Because of their training and skills, the Aggressors' kill ratio in combat exercises ran to at least fifty or sixty to one. Anyone familiar with the dangers of combat training knows the potential for real loss of life, and one would think the number of sorties they flew would make the fatality rate among Aggressors inordinately high, but the opposite was true; the real challenge was to the average fighter pilot who only trained this way once every two years. Still: planes were lost, and men died.

Over the years the exercises became more complex; Army helicopters and Marine forces were included, and the Aggressors flew against the air forces of allied countries as well as U.S. pilots. Fighters, bombers, reconnaissance craft, and many other types of aircraft played a part, and the Blue team was further bedeviled by simulated anti-aircraft forces on the ground.

Today, of course, the Soviet Union no longer exists; and likewise the Aggressor squadrons do not exist as such. Red Flag exercises are still held at Nellis with an Adversary Tactics unit under the 414 CTS flying F-16s with foreign paint schemes and using tactics developed by potential adversaries around the world.

More than twenty years later, I'm reading my dad's answer to my email asking him about his days with the Aggressors. At one point he responds to a question about the "bombs" I remember being in the briefing room:

"The podium was flanked by Soviet Atoll air-to-air missiles that we had built from captured parts. (In fact, I was the project officer for that, and we suspicioned that the warheads were live, though labeled inert. Reason? they weighed the same as live ones. If one of those had ever started to fall over, I would have been first out the door...)"

I laugh. Clearly, my childhood admiration of my father was not misplaced. I really did have the coolest dad in the world.

Exercise RED FLAG is still run around the Nellis Range, and is one of the biggest military flying events in the world. Many NATO and Commonwealth nations participate, the largest contingents being the USAF, Royal Air Force, Royal Canadian Air Force and Royal Australian Air Force.

Canada runs a similar event with the RCAF, RAF and USAF, called MAPLE FLAG. Australia and the UK run another called BLUE FLAG. The UK runs Exercises JMC (Joint Maritime Course), AIMING FIST, NEWTP (NATO Early Warning Training Programme), CLEAN HUNTER, and other exercises, usually participating with the US and European NATO Air Forces.
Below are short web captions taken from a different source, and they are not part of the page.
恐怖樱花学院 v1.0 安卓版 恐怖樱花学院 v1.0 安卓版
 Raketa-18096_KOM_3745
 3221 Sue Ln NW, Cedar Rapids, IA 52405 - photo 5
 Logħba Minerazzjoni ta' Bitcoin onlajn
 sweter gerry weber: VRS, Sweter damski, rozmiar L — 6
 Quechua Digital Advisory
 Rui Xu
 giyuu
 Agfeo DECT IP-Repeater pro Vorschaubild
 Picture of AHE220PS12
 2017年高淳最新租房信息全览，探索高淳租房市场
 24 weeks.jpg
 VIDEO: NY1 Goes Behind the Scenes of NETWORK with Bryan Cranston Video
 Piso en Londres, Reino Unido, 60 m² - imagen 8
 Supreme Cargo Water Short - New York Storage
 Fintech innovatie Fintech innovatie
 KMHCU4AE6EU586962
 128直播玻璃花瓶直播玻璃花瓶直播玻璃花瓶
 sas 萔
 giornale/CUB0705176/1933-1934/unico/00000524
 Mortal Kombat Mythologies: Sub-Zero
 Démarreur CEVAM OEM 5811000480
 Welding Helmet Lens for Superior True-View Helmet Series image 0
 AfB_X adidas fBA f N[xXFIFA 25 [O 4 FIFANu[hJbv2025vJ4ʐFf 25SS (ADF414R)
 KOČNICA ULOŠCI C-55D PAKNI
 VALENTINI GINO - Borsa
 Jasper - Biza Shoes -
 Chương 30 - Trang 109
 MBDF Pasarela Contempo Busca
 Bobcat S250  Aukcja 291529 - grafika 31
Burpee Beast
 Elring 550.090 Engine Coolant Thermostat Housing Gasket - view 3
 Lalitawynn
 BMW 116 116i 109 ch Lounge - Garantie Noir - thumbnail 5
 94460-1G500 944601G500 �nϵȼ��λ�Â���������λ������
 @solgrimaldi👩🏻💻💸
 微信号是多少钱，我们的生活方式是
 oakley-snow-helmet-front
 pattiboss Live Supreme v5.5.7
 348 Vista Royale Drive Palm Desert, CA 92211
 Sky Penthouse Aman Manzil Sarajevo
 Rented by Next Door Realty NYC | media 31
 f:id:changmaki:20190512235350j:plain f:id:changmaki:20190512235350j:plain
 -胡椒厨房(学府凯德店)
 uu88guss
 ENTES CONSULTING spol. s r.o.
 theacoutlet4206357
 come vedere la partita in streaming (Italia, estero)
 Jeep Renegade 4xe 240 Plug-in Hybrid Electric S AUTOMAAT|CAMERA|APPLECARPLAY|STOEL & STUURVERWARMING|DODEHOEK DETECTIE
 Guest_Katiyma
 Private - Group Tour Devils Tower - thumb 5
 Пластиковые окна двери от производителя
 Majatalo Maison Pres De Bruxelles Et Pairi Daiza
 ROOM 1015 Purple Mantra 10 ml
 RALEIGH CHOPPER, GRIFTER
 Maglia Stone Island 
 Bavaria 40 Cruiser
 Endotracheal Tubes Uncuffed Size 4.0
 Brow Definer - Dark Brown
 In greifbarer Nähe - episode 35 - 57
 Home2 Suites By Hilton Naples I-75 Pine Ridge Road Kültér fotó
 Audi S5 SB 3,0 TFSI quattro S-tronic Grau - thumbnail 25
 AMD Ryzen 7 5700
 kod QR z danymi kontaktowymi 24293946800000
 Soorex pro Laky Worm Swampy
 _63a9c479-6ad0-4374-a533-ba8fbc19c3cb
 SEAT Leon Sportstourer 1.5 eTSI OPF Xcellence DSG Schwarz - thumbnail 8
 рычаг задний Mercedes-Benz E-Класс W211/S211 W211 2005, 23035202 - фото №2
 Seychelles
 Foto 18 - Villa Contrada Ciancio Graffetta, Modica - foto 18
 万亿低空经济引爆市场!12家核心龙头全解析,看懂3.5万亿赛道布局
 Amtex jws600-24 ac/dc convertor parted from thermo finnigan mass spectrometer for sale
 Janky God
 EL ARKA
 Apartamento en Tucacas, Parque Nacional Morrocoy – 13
The aim of these exercises is to train military air- and ground-crew in preparation for war. Some of the specialisations from the Royal Air Force usually involved in RED FLAG are:

    Pilot (flying Tornado F3, E3D Sentry AWACS, Jaguar, Canberra, Hercules, C17 Galaxy and various helicopters
    Navigator (aka Weapons Systems Operator (WSO))
    Fighter Controller (weapons and surveillance)
    Engineer (aerosystems and computers)
    Air Traffic Controller
    RAF Regiment (provides point Air Defence)
    Caterer
    Firefighter
    Flight Operations Officers
    Intelligence
    RAF Police

....and so on. RED FLAG is widely considered to be the most effective exercise of its kind in the world, comprising tactical training and testing, radar jamming, live firing, air defence, and all of the different operational Air Power roles. The UK and US "rule the roost" as far as fighting is concerned, these two nations training together more than any other two air forces in the world.

RED FLAG requires huge logistical support and is planned for months. Fighting squadrons will often double their flying time in the month prior to deploying to RED FLAG in order to practice, and to develop an "edge" over their opponents. Pilots of other aircraft types, such as Hercules and C17 (Air Transport), E3D Sentry (Airborne Weapons and Control Systems (AWACS)) and Jaguar (low-level attack/reconnaissance) are also given a rare opportunity to pracice flying in "hostile" airspace. At the end of the exercise all participants undergo a rigorous set of debriefs in order to establish best practice, new tactics, and so on. Then all British personnel are free to pile into Las Vegas to spend their hard-earned Local Overseas Allowance!

And how do I know so much.... being a Fighter Controller (an Air Battle Manager to other nations), RED FLAG is viewed as the only exercise where we can truly work, under fire, in the field without actually going to war.